25 janv. 2024


" La carte postale "   de Anne Berest   18/20

      Avec pour point de départ une énigmatique missive non signée, Anne Berest nous emporte avec elle dans un passé douloureux, et par là même questionne sa judéité, elle qui se positionne surtout en femme de gauche ignorant ses origines juives. Ou comment redonner vie à ceux qui furent écrasés sous la botte nazie.

      Peu des survivants de la Shoah sont encore là pour raconter l'irracontable, pour témoigner de l'indicible. L'auteure saisie le prétexte véridique de cette carte postale mystérieuse pour enquêter sur sa grand-mère maternelle, Myriam Rabinovitch, et en faire un roman poignant sur le parcours d'une famille juive quittant la Russie pour chercher refuge en Pologne, puis en Palestine et enfin en France, croyant à chaque fois être en sécurité. Grâce aux souvenirs et aux traces écrites de sa propre mère, Lélia, elle va faire resurgir  un pan entier de son arbre généalogique trop longtemps plongé dans une mer d'oubli.
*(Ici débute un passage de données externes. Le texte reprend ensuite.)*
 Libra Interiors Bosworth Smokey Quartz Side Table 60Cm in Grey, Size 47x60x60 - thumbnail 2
      Sur cette fameuse carte postale reçue en janvier 2003 par Lélia figure une photo de l'opéra Garnier, et au verso, écrits d'une écriture maladroite, les quatre noms de personnes disparues : Ephraïm, Emma, Noémie et Jacques. Malgré des recherches amorcées par Lélia à l'époque, la raison de cet envoi et l'identité de son auteur restent inexpliquées. Quand un jour, la fille d'Anne se prend en pleine figure une remarque antisémite, elle en est ébranlée et décide de se joindre aux premières investigations de sa mère et de mener de front deux enquêtes : savoir enfin qui est l'auteur de cette carte postale et connaître la vie ses ancêtres oubliés sous les couches opaques de la poussière du temps.
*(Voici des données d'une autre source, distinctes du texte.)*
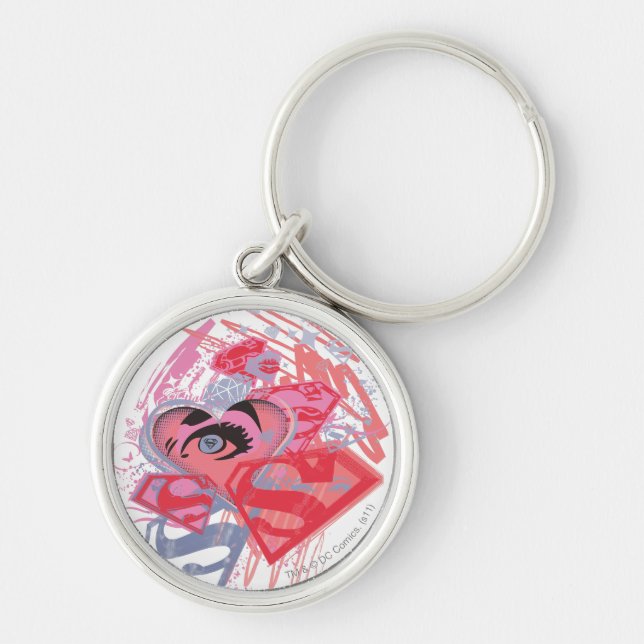 Supergirl Diamonds and Lips Keychain (Front)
      Prendre conscience de sa propre judéité par le biais sournois de l'antisémitisme, surtout pour une athée, voilà le déclic d'Anne Berest. Elle en conçoit une quête identitaire obsessionnelle, assoiffée de vérité elle interroge et affronte un passé intranquille qui résiste. Cependant, peu à peu, par les volets clos d'une histoire non-dit, filtrent des rais de vérité, aussi sombre soit-elle une réalité prend forme, des êtres humains sortent de l'ombre, des noms réapparaissent, le passé renaît. La vie se confronte à la mort, une mort inacceptable et abjecte.
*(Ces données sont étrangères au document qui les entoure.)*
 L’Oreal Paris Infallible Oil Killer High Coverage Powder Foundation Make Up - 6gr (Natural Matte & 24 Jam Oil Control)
      D'aucuns pourront gloser qu'il s'agit encore d'un roman sur la question juive autour de la seconde guerre mondiale, cette veine intarissable en devient fatigante ; tant mieux, tant de gens ignorent ce que tout un peuple innocent a subi qu'il faut louer cette entreprise mémorielle, d'autant qu'elle est menée avec intelligence et humanisme.